PSA Levels as an Early Signal
One of the strongest predictors of how long hormone therapy will keep working is how far your PSA drops in the first several months. The lowest point your PSA reaches after starting treatment, called the nadir, typically arrives around eight months in. Men whose PSA drops below 0.2 ng/mL tend to have much longer responses than those whose PSA only falls to moderate levels.
In one study, the nadir PSA was the single most accurate predictor of whether a man would develop treatment-resistant cancer within two years, with 86% accuracy. The critical threshold was around 1.1 ng/mL: men whose PSA didn’t fall below that level had substantially higher odds of earlier resistance. If your PSA drops deeply and stays low, that’s a strong signal the therapy is working well and may continue working for a longer period.
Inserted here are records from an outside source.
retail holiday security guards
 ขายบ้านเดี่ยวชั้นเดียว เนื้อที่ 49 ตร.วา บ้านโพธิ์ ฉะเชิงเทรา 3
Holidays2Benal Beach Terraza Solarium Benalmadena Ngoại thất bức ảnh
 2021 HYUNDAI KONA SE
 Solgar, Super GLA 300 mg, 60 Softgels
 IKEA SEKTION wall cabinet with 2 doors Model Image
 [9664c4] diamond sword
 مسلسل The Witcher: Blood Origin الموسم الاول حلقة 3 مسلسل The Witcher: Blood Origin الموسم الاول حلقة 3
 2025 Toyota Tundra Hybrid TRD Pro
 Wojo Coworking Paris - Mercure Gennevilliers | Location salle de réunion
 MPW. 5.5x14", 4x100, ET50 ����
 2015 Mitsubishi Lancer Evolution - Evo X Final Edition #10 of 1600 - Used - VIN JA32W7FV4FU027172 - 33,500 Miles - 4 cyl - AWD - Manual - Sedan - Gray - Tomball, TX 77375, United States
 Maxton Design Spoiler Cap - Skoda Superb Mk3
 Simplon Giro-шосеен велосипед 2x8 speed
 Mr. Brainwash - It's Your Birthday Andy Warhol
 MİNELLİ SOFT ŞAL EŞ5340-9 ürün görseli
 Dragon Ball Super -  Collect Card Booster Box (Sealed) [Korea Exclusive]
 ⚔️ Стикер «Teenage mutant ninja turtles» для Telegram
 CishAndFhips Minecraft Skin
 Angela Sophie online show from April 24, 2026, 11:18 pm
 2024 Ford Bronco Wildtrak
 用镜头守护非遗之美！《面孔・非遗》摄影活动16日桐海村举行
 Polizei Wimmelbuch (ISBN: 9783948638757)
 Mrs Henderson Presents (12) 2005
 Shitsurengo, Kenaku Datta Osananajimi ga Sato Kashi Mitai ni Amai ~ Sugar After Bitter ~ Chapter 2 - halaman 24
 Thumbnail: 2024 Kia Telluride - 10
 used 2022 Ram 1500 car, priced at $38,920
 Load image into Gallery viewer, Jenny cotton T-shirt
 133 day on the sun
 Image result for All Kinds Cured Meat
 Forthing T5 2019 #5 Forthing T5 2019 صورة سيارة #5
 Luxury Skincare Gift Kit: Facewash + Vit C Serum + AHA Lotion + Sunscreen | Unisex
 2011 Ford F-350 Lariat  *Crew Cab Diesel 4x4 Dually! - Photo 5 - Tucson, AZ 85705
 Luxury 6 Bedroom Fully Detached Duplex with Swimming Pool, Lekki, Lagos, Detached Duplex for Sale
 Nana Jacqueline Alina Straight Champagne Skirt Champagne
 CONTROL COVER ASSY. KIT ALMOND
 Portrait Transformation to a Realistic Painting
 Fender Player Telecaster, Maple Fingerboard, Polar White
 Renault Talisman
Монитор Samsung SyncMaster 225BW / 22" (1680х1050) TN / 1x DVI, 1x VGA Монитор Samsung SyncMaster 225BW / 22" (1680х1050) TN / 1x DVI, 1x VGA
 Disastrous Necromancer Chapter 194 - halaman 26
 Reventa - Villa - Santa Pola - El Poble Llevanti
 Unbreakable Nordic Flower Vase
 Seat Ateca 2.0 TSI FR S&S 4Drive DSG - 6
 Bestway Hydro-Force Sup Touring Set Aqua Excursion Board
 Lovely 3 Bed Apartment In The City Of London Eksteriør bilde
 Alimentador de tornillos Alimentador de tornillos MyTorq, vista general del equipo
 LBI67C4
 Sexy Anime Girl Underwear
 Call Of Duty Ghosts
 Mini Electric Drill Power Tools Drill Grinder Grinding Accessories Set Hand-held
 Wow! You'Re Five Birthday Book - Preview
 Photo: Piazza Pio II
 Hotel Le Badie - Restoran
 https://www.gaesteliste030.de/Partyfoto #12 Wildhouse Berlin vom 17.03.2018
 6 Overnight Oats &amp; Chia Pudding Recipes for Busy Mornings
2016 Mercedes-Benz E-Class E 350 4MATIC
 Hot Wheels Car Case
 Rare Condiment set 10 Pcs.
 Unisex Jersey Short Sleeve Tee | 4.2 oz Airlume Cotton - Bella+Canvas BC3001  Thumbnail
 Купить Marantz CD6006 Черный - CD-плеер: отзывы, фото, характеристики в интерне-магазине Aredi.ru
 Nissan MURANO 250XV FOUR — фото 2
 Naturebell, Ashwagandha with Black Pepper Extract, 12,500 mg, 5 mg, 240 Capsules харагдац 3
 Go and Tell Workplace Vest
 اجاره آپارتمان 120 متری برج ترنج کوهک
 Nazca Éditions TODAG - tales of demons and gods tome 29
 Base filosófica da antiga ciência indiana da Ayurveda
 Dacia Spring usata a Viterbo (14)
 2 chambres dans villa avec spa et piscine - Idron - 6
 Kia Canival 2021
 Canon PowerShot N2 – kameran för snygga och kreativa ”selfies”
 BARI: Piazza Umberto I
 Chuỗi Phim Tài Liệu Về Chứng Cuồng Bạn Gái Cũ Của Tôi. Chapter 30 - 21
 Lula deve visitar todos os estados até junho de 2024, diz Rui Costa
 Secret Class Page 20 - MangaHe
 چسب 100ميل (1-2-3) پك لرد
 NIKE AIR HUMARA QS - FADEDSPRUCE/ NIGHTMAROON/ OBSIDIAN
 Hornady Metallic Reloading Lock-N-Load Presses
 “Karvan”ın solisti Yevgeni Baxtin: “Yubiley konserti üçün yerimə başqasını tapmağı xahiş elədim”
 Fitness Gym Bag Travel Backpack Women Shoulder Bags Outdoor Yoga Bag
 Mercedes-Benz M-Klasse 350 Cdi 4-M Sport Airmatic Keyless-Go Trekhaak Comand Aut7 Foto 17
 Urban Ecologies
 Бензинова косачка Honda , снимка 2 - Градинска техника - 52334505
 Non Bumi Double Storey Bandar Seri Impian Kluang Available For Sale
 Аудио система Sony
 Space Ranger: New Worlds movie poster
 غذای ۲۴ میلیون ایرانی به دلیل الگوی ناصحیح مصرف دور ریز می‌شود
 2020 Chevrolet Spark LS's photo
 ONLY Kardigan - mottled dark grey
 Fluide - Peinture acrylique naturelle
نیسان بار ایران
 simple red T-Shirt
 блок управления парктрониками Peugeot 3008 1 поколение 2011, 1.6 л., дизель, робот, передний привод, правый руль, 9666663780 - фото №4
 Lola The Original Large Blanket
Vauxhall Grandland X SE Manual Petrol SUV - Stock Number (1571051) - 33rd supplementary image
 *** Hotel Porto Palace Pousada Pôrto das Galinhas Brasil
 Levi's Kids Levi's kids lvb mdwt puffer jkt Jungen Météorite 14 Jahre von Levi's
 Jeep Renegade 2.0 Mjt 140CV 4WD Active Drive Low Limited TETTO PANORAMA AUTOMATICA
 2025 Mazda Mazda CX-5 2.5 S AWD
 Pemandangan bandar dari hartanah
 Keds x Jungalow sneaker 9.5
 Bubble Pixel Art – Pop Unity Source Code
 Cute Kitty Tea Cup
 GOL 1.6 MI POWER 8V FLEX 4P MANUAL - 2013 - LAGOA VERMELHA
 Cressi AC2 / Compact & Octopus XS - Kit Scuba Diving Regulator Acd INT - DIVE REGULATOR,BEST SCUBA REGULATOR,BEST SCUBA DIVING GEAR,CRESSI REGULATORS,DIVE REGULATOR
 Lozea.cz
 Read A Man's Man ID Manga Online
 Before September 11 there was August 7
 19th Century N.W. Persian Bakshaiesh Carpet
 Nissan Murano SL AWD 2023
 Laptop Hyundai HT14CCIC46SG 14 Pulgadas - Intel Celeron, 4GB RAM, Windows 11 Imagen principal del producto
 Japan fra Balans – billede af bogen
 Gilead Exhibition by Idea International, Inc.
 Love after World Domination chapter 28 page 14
Continuous Versus Intermittent Treatment
Because hormone therapy carries significant side effects, including hot flashes, bone loss, fatigue, weight gain, and sexual dysfunction, some men and their doctors consider an intermittent schedule. In this approach, you take hormone therapy until your PSA drops to a low level, then stop until it rises again. The appeal is clear: breaks from treatment can improve quality of life, particularly erectile function and mental health.
A large trial of over 1,500 men with metastatic disease compared the two approaches over nearly 10 years of follow-up. Median survival was 5.8 years with continuous therapy and 5.1 years with intermittent therapy. The study couldn’t confirm that intermittent treatment was equivalent to continuous treatment. Quality-of-life improvements with the intermittent approach were real but modest, and 78% of men in the intermittent group had restarted therapy by 15 months. For metastatic disease, continuous therapy remains the more common recommendation, though intermittent schedules are sometimes used in non-metastatic settings where the stakes of a brief gap are lower.
What the Numbers Mean in Practice
If you have localized, intermediate-risk prostate cancer being treated with radiation, even a short course of hormone therapy (four to six months) may be all you need, and the cancer may never return. If you have high-risk localized disease, a longer course of 18 to 24 months paired with radiation offers a meaningful survival benefit. For metastatic disease, expect hormone therapy to be effective for roughly two to three years on its own, potentially longer with combination treatments, before the cancer adapts and new strategies are needed.
Your PSA trajectory in the first several months is the most useful early indicator of how your body is responding. A deep, sustained PSA drop signals a longer effective window, while a PSA that doesn’t fall below 1.1 ng/mL suggests the cancer may develop resistance sooner.